The past year has been particularly creatively fertile for Donat, who unveiled six new sculptural pieces in the exhibition Origins, at Carpenters’ London gallery in May. Informed by tribal motifs and art deco design, the works also paid homage to her connection to the lush landscape of the island of La Réunion, known for its volcanic rock. Next up, an exhibition at Carpenters Workshop’s New York location, in the former Takashimaya building, that will coincide with the publication of the first monograph of Donat’s work, issued by imprint Éditions Norma and written by decorative arts specialist Anne Bony, with a foreword by Donat’s friend, renowned architect Peter Marino.
As witnessed by her sculptures, Donat is a master of intriguing contrasts, weaving together seemingly disparate concepts: the masculine with the feminine, the delicate with the muscular, and the influences of European design traditions with African artistry. We recently had the chance to catch up with Donat to discuss her new monograph and upcoming exhibition, and the ongoing evolution of her sculptural works and creative process.
NICOLE ANDERSON/MODERN MAGAZINE: Tell me a bit about your background and your trajectory to becoming an artist. What drew you to the arts?

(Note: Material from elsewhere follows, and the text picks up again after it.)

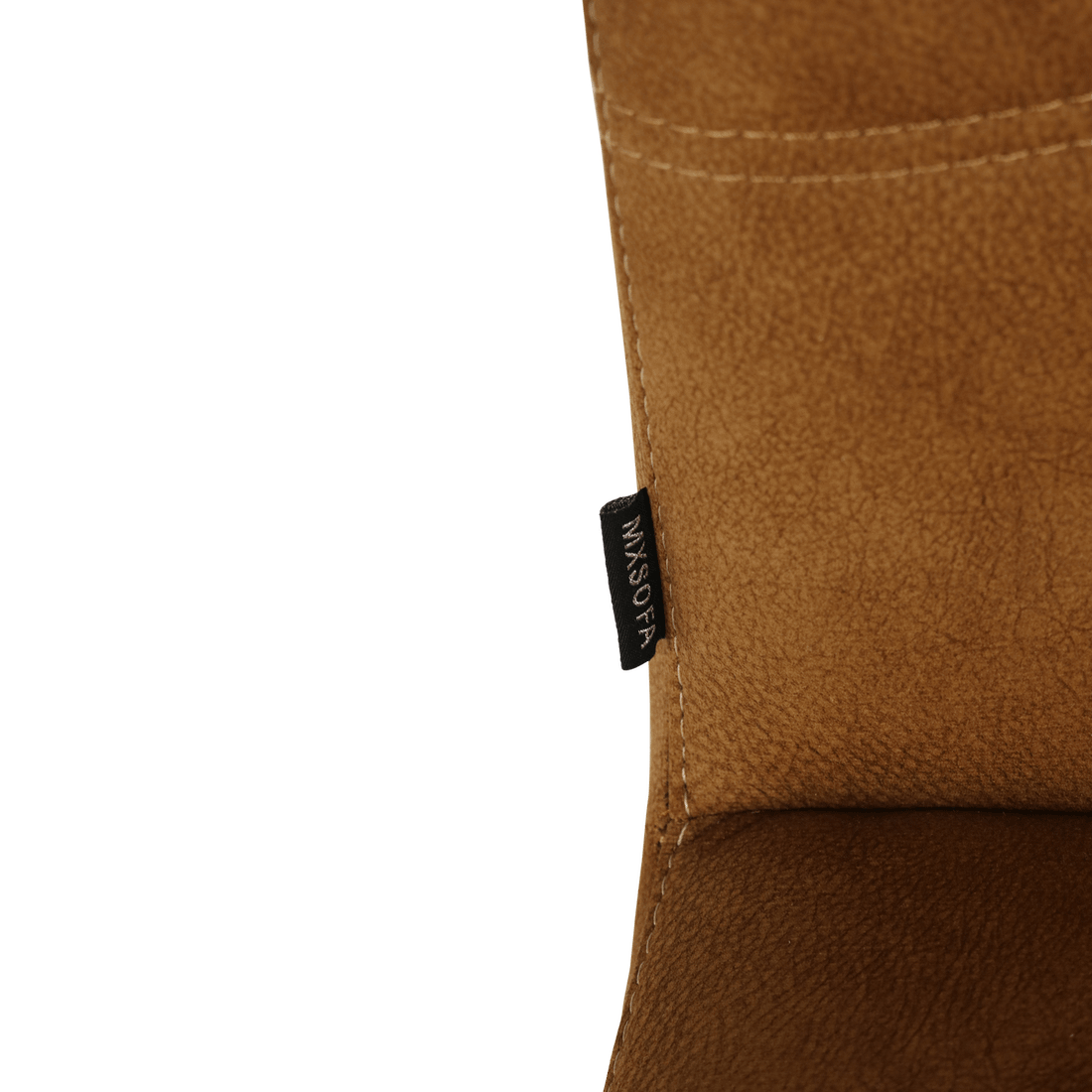 Barstoel LORIS Zorro Cognac Barstoel LORIS Zorro Cognac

INGRID DONAT: My life has always been influenced and surrounded by art. When I was five, my mother left Paris with my brother and me, and returned to Sweden. We lived in Falun in the Dalarna region, which is where I spent my childhood. My grandfather was an architect, and although I never met him, he influenced me a great deal. In Sweden we spent a lot of time with my grandmother in the art deco style house my grandfather built in the 1920s. To this day, the details of the space remain ingrained in my memory.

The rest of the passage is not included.